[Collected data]

* * * * * * *

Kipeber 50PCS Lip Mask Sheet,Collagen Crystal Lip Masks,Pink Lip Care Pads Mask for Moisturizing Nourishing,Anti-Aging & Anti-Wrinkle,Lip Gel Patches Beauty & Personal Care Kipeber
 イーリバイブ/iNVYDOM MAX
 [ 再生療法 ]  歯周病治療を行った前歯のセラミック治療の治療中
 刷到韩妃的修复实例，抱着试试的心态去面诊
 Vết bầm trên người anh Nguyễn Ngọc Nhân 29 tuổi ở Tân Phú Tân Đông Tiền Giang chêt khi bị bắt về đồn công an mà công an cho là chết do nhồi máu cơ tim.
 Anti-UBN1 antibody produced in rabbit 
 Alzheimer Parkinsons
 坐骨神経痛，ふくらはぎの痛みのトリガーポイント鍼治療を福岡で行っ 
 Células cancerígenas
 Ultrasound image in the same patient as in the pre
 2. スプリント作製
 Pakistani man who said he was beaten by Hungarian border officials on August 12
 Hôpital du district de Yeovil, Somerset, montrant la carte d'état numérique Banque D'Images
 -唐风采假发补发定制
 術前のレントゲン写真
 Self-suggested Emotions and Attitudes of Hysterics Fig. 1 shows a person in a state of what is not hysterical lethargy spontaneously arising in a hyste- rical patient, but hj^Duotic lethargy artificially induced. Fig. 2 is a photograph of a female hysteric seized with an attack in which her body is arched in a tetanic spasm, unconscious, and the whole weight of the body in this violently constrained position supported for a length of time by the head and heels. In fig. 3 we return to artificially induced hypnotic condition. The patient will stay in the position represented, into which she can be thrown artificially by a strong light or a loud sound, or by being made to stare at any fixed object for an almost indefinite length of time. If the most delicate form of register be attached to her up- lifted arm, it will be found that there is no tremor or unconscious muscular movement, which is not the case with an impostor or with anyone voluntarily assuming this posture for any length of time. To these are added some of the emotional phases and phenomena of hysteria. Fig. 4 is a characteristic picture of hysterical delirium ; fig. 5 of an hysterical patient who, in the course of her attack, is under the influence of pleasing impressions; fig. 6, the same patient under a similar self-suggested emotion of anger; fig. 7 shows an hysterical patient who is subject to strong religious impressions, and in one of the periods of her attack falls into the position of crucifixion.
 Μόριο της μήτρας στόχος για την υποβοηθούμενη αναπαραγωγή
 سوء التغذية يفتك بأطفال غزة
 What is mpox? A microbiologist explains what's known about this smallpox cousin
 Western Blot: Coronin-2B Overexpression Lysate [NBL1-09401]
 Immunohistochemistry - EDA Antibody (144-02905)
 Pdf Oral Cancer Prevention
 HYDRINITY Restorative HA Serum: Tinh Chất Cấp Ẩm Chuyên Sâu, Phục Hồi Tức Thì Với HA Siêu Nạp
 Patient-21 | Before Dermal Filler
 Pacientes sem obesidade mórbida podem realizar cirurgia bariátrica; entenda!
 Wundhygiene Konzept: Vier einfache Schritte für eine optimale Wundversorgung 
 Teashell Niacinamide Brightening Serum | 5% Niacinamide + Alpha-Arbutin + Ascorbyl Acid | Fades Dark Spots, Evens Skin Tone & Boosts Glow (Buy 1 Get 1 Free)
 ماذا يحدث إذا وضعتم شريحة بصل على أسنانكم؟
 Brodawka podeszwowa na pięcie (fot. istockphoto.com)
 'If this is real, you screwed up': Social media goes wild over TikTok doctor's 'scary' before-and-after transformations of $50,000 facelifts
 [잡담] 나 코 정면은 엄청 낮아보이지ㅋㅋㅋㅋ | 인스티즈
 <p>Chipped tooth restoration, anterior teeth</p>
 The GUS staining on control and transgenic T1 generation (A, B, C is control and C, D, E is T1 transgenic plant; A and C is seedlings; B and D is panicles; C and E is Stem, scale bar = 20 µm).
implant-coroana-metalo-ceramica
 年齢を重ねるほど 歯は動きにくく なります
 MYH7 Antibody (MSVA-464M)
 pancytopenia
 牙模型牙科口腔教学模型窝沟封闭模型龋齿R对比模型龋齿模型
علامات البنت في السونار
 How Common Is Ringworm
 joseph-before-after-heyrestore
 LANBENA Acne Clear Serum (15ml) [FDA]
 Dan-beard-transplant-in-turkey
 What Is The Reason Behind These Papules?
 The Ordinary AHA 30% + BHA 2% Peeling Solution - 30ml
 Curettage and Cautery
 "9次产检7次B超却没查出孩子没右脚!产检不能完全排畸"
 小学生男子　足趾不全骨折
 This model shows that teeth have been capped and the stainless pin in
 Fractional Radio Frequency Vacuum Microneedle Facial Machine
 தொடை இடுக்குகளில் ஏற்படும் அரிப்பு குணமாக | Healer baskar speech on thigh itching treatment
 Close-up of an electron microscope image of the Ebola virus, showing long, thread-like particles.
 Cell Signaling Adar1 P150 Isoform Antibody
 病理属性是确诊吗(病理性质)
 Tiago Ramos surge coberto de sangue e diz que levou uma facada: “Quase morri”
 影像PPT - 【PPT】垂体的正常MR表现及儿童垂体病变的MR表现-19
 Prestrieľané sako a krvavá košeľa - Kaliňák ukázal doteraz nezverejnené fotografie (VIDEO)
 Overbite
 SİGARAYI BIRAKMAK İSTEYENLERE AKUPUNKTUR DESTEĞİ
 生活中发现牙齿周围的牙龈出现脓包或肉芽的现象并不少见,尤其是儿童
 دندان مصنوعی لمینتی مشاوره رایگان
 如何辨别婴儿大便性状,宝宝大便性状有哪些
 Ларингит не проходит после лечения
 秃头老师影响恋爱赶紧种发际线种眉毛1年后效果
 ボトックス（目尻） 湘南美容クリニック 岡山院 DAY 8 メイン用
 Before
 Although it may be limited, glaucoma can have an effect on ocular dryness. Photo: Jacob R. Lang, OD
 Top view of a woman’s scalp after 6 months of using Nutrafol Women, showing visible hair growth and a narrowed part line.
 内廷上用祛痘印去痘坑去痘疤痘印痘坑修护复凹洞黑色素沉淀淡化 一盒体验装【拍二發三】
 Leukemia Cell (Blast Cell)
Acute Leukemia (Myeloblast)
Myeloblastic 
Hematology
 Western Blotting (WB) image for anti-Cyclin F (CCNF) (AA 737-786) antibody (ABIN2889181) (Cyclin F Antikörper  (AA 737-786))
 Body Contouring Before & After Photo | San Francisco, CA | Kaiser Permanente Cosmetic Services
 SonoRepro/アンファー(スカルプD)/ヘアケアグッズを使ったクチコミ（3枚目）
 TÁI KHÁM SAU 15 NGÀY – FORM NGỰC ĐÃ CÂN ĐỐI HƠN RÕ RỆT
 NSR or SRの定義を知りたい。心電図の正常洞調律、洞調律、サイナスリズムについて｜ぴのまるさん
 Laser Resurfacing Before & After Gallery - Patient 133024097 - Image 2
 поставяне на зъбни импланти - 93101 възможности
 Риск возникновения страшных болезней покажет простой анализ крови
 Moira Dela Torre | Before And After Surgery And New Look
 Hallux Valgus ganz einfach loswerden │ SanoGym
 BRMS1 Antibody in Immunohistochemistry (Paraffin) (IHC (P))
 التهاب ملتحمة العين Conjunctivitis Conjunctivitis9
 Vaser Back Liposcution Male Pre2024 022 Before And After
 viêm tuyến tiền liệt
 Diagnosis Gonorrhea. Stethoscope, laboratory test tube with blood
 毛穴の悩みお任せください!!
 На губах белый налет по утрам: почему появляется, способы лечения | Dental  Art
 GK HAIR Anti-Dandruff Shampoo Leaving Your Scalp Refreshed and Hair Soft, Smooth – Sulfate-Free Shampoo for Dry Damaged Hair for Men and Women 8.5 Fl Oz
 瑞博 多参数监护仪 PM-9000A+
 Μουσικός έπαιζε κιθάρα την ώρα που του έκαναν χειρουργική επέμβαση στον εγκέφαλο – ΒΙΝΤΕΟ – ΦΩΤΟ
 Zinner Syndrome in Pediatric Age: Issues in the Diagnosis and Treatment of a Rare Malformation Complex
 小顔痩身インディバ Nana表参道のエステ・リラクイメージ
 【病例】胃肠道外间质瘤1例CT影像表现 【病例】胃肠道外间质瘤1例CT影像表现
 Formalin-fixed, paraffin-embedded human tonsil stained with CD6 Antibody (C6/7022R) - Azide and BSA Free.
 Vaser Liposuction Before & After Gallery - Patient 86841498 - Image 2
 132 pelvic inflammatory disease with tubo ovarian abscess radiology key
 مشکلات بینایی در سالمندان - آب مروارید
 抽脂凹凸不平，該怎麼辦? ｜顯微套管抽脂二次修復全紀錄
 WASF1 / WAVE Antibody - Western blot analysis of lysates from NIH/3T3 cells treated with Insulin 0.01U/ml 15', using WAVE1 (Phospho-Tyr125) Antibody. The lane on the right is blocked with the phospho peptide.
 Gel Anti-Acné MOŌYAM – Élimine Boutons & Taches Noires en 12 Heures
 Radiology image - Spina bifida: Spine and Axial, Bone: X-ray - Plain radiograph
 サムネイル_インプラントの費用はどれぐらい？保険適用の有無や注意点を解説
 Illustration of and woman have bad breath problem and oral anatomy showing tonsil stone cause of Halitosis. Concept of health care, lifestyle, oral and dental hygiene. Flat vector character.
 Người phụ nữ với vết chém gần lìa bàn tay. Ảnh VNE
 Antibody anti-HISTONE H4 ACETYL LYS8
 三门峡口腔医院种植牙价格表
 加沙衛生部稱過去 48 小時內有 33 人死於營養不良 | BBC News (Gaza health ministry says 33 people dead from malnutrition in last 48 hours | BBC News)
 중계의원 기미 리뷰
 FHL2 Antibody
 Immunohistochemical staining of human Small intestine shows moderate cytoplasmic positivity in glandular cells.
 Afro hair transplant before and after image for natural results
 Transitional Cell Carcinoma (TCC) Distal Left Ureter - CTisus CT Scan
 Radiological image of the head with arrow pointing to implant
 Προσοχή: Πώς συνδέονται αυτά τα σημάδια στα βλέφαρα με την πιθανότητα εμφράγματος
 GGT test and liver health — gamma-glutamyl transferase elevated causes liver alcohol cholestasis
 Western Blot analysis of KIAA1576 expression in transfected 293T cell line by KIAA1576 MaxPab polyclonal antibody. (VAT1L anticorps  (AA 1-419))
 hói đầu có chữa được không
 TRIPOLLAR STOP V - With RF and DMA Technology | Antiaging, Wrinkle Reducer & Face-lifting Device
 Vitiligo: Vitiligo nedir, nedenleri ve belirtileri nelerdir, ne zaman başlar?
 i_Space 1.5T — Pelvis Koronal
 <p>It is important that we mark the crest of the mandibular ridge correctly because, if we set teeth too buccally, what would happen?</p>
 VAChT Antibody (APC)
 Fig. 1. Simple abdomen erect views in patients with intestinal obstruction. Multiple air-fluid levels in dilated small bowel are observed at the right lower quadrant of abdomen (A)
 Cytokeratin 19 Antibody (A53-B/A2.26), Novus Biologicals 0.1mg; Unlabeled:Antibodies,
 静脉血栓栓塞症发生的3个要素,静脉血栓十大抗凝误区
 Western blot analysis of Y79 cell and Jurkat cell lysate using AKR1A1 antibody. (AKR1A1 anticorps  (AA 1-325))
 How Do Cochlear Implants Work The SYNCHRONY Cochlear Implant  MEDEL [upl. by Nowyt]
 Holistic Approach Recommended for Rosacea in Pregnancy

* * * * * * *

Task directions - Gather up, from the records above, each line where the word "human" appears.

Task response -
 Formalin-fixed, paraffin-embedded human tonsil stained with CD6 Antibody (C6/7022R) - Azide and BSA Free.
 Immunohistochemical staining of human Small intestine shows moderate cytoplasmic positivity in glandular cells.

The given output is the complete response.